Wittgenstein is stated as having said "we must do away with the explanation and description alone must take its place" (PI 109).
But isn't this akin to the myth of the given that Sellars attacked?
Can a clear distinction really be made between providing a description and providing an explanation?
Doesn't the one effectively permeate the other?
One example that comes to mind that seems to leave the two interconnected is the description of a banana being thrown in the air.
We might describe the situation as Jim throwing the banana, or causing the banana to be thrown, into the air.
But here the description of the event, namely Jim hurling the banana into the air, is inclusive of two events, the event of Jim with a banana in his hand, and the event of the little banana hurling through the air (probably much to its dissatisfaction).
But, in this way, there is the occurrence of an explanation of an event within the mere 'description' of an event, the explanation being the induction of causality.
Indeed, so long as there is a certain ambiguity in what single 'event' we might be offering a description of and in what circumstances we offer a description of it, it seems to be the case that any given event can give way to be an explanation just as much as it can a description.
For example, when a detective asks 'what happened here?', you as a witness might give him the rundown on what happened. And yet, you are both describing what happened, insofar as you are recounting what happened, and offering an explanation, insofar as you are clarifying the situation for the person asking what happened.
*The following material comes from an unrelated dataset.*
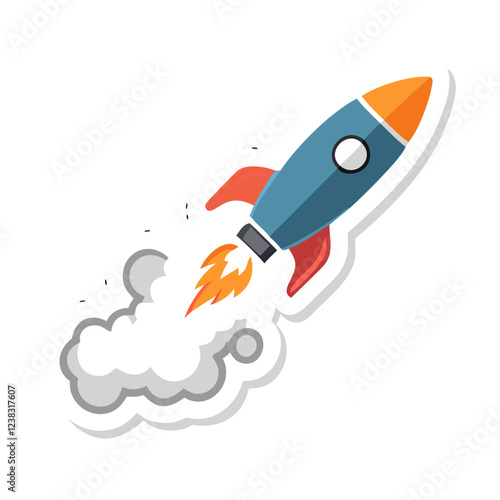 Cartoon space rocket launching with smoke trail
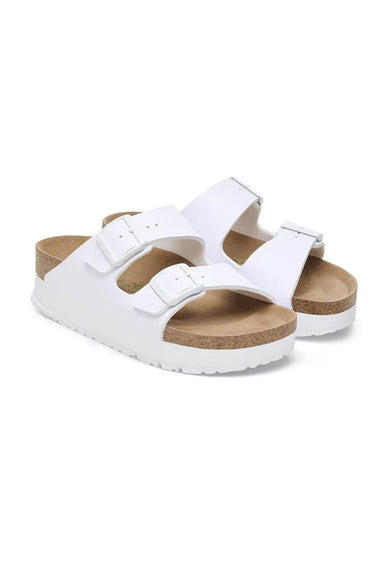 Papillio by Birkenstock Arizona Platform Vegan Birko-Flor Sandals for Women in White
So there is a continuity in some cases between description and assertion, dependent on the context in which one states the occurrences of a given event.
As a last bit of inquiry, is Wittgenstein's criticisms of explanation (insofar as it is a criticism of 'private states of meaning' perverting what is simply observed of 'public behavior') similar in any way to Hume's criticism of induction?
Both seem to me to be criticizing a mental sort of behavior that impedes or contorts the naturalistic (or simply 'natural') experiences and observances made in our ordinary course of life.